Last semester, I was fortunate enough to spend four months studying abroad in Rwanda – Uganda’s neighbor to the south. While abroad, I was able to spend a few weeks in the part of northern Uganda where the Acholi were devestated by the conflict caused by Joseph Kony’s Lord’s Resistance Army (LRA). The LRA is infamous for its abduction of children and violence against civilians, specifically women and children. Over 30,000 children as young as 9 years old have been abducted and forced to become murderous child soldiers or sex slaves. During my time there, it was very clear that the Acholi people are still recovering from decades of war and forced displacement.

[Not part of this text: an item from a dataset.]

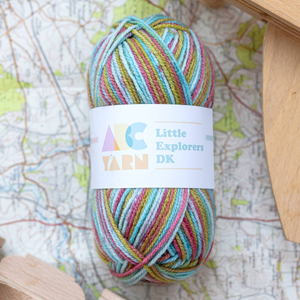 ABC Yarn Little Explorers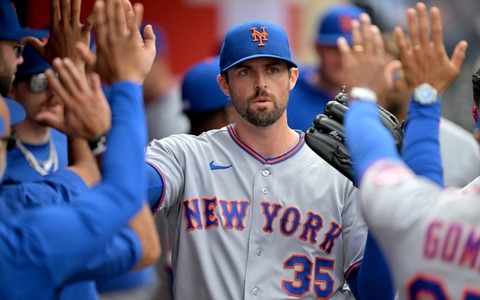 【MLB】ドジャースの投手補強が現実味、メッツ右腕のリハビリ登板にスカウト派遣　ターゲットはスクーバルだけじゃない？ 画像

Being in northern Uganda where so much violence took place was an extremely powerful experience. I was able to actually speak with a Ugandan who tried to begin peace processes in person with Joseph Kony deep in the jungles of the Democratic Republic of Congo. I also visited a former internally displaced persons (IDP) camp right outside of Gulu, Uganda. There, I met former refugees and was able to talk to them about their experiences during their 10 years of living in these camps. It was horrific to hear these first hand accounts. The IDP camps in Northern Uganda during the conflict were more deadly than the conflict itself. Life in the camp was extraordinarily hard. Huts were only a meter apart from each other (with about 50,000 people living in a very small area), disease was rampant, and the only food that was available was from international aid agencies. In addition, during the night, the LRA would raid these camps, taking food, supplies, and children that would be forced into war. I cannot even begin to imagine what that must have been like.

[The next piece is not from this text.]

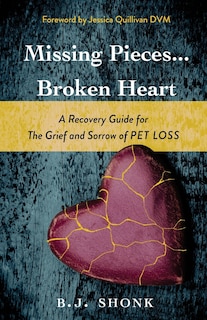 Front cover_Missing Pieces...Broken Heart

Despite the clear scars of war that were still apparent, one theme that was very clear was hope and determination. Gulu, a town that was especially hard-hit by the violence, is now a bustling city complete with restaurants, clothing stores, and a large open-air market. As you walk through the streets, it can be easy to forget that a mere 12 years ago there was horror and danger around every corner. All of the Ugandans I was able to talk to in Gulu were vocally hopeful about the future of the Acholi people. There are countless organizations, international and domestic, in the North that are aimed at rebuilding this community. The determination of so many Acholi people that I met to better not only their lives, but also the lives of those around them was absolutely remarkable. This gives me hope. This makes me believe that although the number of problems in the world is daunting, there is still faith one can have in humanity.